THERE’S AN OLD saying that everyone has a book inside them. If that’s true, then it’s only partially so because the second part of the sentence is usually missing. It’s this: and some of them should stay there. A bit harsh, maybe, but after many years helping others tell their stories, one thing has become clear to me: we often think our lives are more interesting and significant than others will find them.
However, there are also folks out there who, for various reasons, are sitting on a treasure that needs to be shared. Maybe it’s because they feel they don’t know how to write. Or, even if they do, that they simply don’t have the time it would take to commit to such a project. And so something precious they have to share stays hidden.
If this is you, then consider finding a collaborator to work with you on bringing your story to life.

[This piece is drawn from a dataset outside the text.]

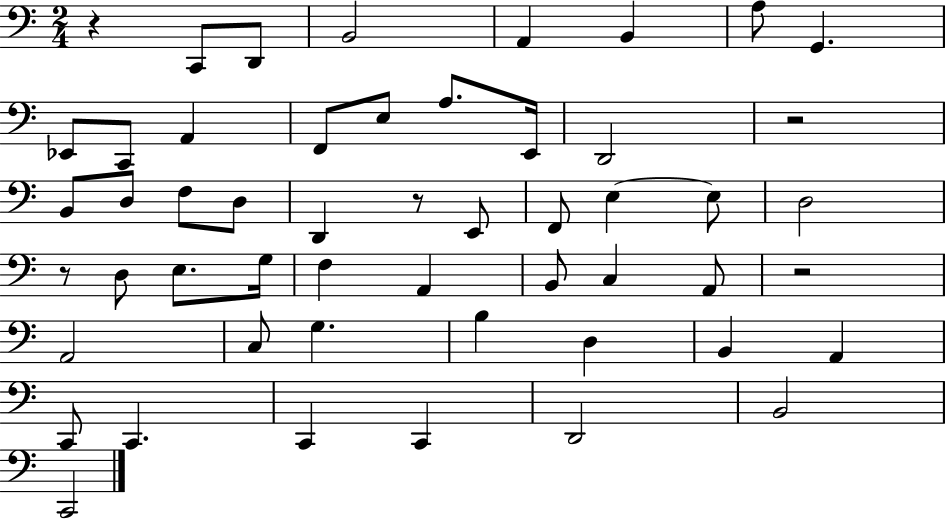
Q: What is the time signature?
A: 2/4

There’s a spectrum here: it could just be someone with a good eye who you will read what you have produced and give it to you straight, to help you polish what you have written. It could be someone who takes the raw material you have set down on paper to rewrite, reshape, and revise it so that it sparkles. Or it could be someone who actually writes your book for you.

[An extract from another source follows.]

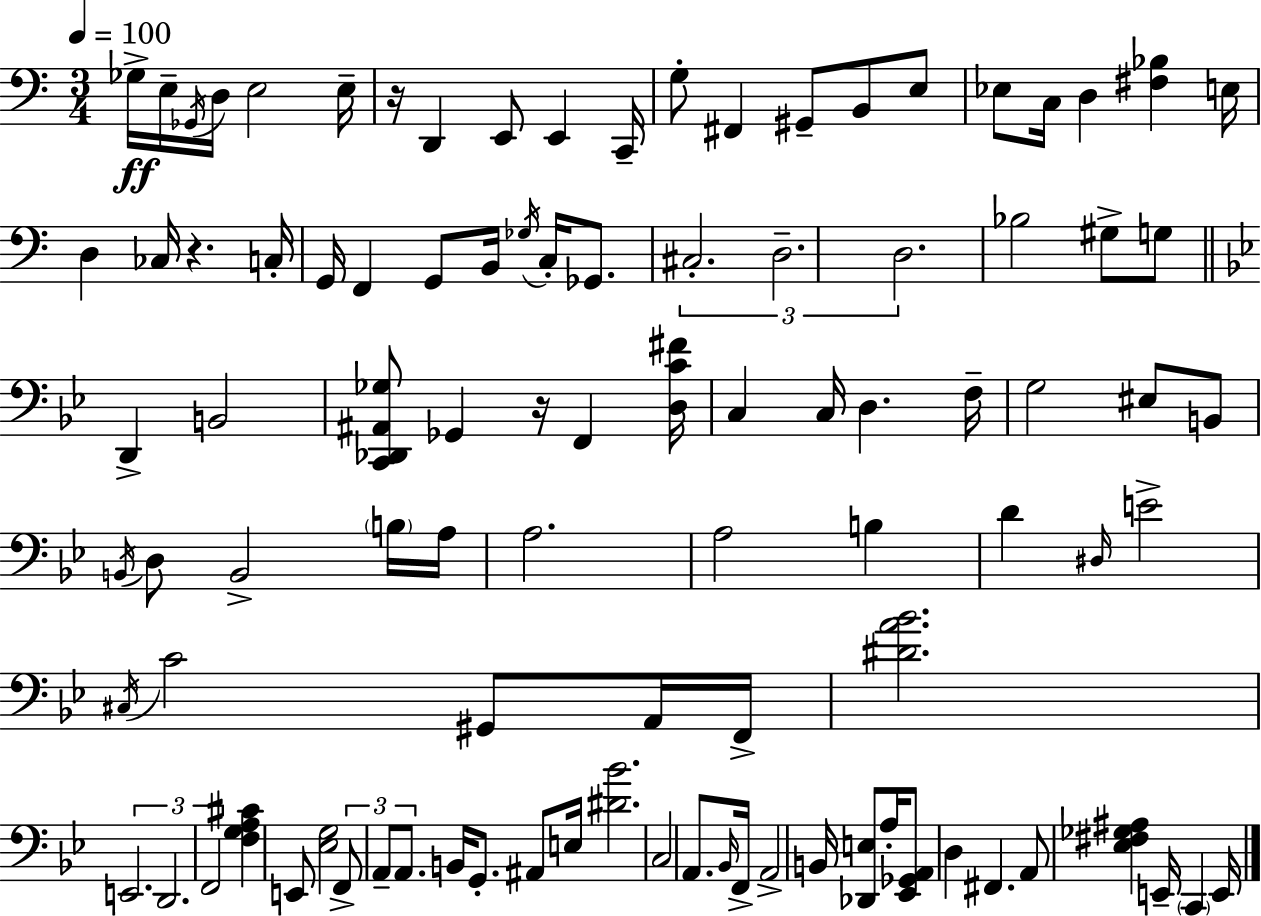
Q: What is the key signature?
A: C major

This latter practice is often derided in popular culture as the last resort of washed-up, worn-out, or unsuccessful would-be novelists, “slumming” to pay their bills by cranking out words under someone else’s name: the ghostwriter. But I believe there is an honorable, even biblical, dimension to this kind of collaboration.

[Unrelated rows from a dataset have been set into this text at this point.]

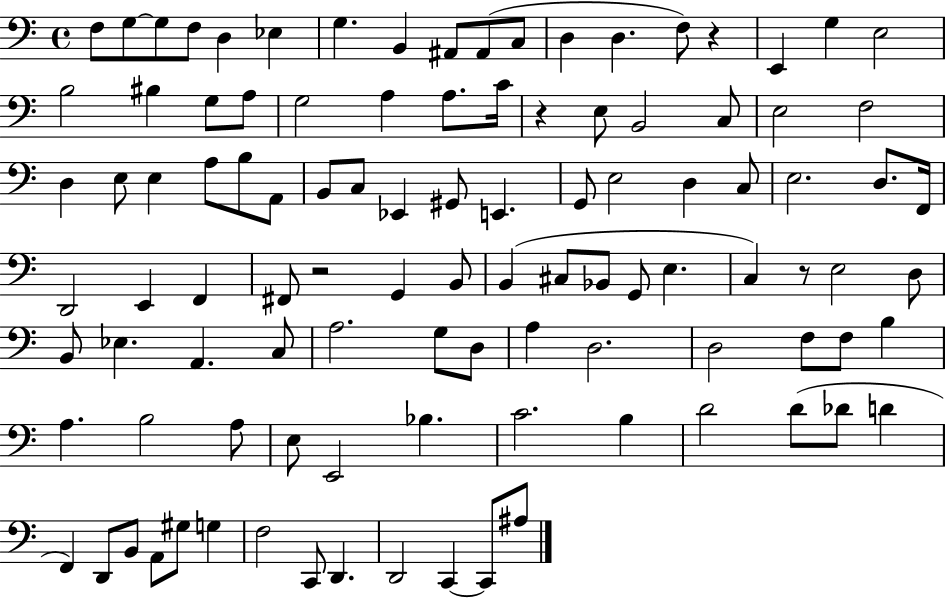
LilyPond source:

{
  \clef bass
  \time 4/4
  \defaultTimeSignature
  \key c \major
  f8 g8~~ g8 f8 d4 ees4 | g4. b,4 ais,8 ais,8( c8 | d4 d4. f8) r4 | e,4 g4 e2 | \break b2 bis4 g8 a8 | g2 a4 a8. c'16 | r4 e8 b,2 c8 | e2 f2 | \break d4 e8 e4 a8 b8 a,8 | b,8 c8 ees,4 gis,8 e,4. | g,8 e2 d4 c8 | e2. d8. f,16 | \break d,2 e,4 f,4 | fis,8 r2 g,4 b,8 | b,4( cis8 bes,8 g,8 e4. | c4) r8 e2 d8 | \break b,8 ees4. a,4. c8 | a2. g8 d8 | a4 d2. | d2 f8 f8 b4 | \break a4. b2 a8 | e8 e,2 bes4. | c'2. b4 | d'2 d'8( des'8 d'4 | \break f,4) d,8 b,8 a,8 gis8 g4 | f2 c,8 d,4. | d,2 c,4~~ c,8 ais8 | \bar "|."
}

I call it the Moses and Aaron connection. When God told Moses to go back to Egypt to free his fellow Hebrews, Moses said he wasn’t up to the challenge: “Oh, my Lord, I am not eloquent, either in the past or since you have spoken to your servant, but I am slow of speech and of tongue” (Exodus 4:10). So God sent a helper. Moses had the word from God; Aaron had the communication skills needed to give them clear voice. A Holy Ghostwriter, as it were.
If you’re seeking an Aaron, let me suggest that skill isn’t the only thing you should be looking for. Yes, your collaborator needs to have some chops: God told Moses that Aaron could “speak well” (Exodus 4:14). But as importantly, I believe, he also had a relationship with God (Who spoke to him: Exodus 4:27). Your collaborator should be someone you feel you can trust with your heart.
Together, like Moses and Aaron, you might make a team that delivers a message that brings freedom to people in bondage.